The Statue of Liberty is the most famous French statue in the United States, but almost 20,000 other French creations also dot the country in places as diverse as Philadelphia, Honolulu, and Duluth in Minnesota. This collection piqued the curiosity of Laure de Margerie, a former documentarist from the Musée d’Orsay in Paris, and inspired her to create an online catalogue. The Massachusetts-based researcher told us about her “public service” mission, which she hopes to finish by 2027.
France-Amérique: How do you carry out your research?
Laure de Margerie: Searching for a French sculpture in a country as vast as the United States is a lot like looking for a needle in a haystack! I started listing French statues in 2001. I began by looking through American museum catalogues and picking them out one by one. The curators are a huge help, but discovering a statue is also largely down to luck. I was researching at the Brooklyn Museum a few days ago, and I came across a statue that the Clark Institute in Williamstown, Massachusetts, had been trying to find for more than 20 years. The piece in question was Jean Gautherin’s L’inspiration, a marble statue from 1887 depicting a woman playing the harp. It used to belong to Henry Marquand, a major American philanthropist and art collector, who donated many of his pieces to the Metropolitan Museum of Art in New York.
Why are there so many French statues in the United States?
France contributed to the birth of the United States, and French sculptors of the time were immediately associated with American history. The Statue of Liberty by Frédéric Auguste Bartholdi is now the most representative example of Franco-American friendship. The excellence of French smelters during the second half of the 19th century also helped to spread the reputation of French art. American collectors acquired many of these pieces — especially by Rodin. Today, French statues are displayed in more than 400 places across the United States. A bronze statue by Pierre-Marie Poisson is exhibited in Medora, North Dakota, in homage to French explorer Marquis de Morès, who founded the city in 1883. The former Maison Française on New York’s Fifth Avenue features bas-reliefs that were sculpted and gold-leafed by Frenchman Alfred Janniot.
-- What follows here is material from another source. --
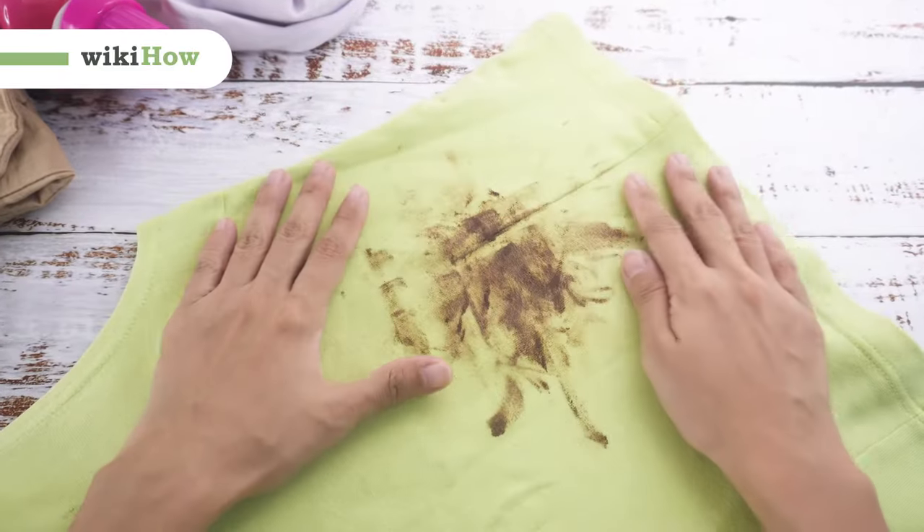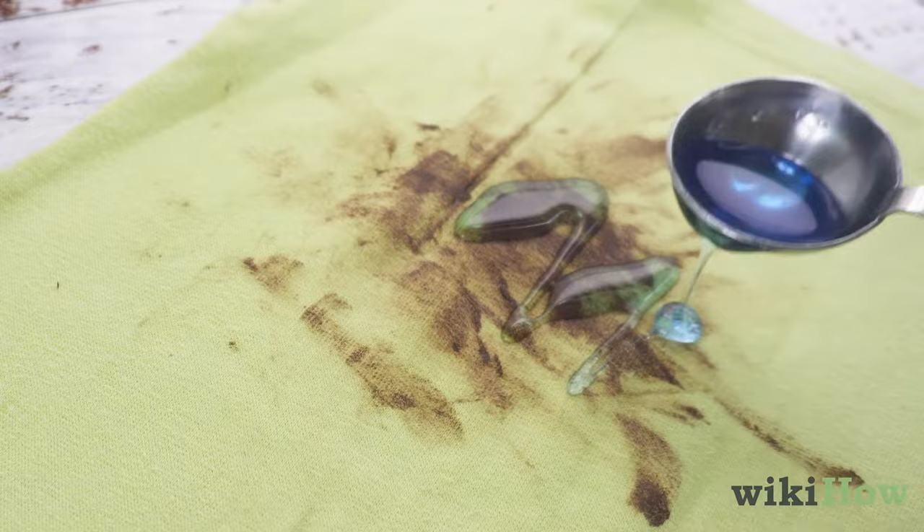To get rid of dried chocolate stains on clothes, start by massaging some laundry detergent or stain remover into the stains. Then let the solution sit for five minutes. Finally, machine wash the garment like you normally would.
And the White House boasts five busts by Jean-Antoine Houdon, including one of Benjamin Franklin in bronze and another of Thomas Jefferson in porcelain.
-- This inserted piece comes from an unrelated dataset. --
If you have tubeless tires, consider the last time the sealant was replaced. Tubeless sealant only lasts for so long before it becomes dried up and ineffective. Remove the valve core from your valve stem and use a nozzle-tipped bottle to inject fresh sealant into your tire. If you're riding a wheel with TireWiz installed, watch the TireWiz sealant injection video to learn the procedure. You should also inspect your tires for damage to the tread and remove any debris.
You counted 900 statues by Rodin in the United States. How do you explain such a success?
There are 200 more left to find! Auguste Rodin was enormously successful in the United States during the 20th century, partly thanks to his popularity with rich American collectors such as New York financier Bernard Gerald Cantor and his wife Iris. Together they accumulated the biggest private collection of works by Rodin. Their sculptures, as well as their drawings, photographs and various objects, can be admired all over the United States, from the Stanford University Museum in California to Raleigh in North Carolina. The Musée Rodin in Paris [which reopened in November 2015] has shown a lot of interest in my research, and we are currently negotiating a partnership. As well as Rodin, the 19th-century French sculptor Antoine-Louis Barye is also renowned for his animal-themed sculptures. I already catalogued 872 of his works on my website, which are displayed in places such as Rittenhouse Square in Philadelphia, the Tweed Museum of Arts in Duluth, Minnesota, and the Denver Art Museum in Colorado.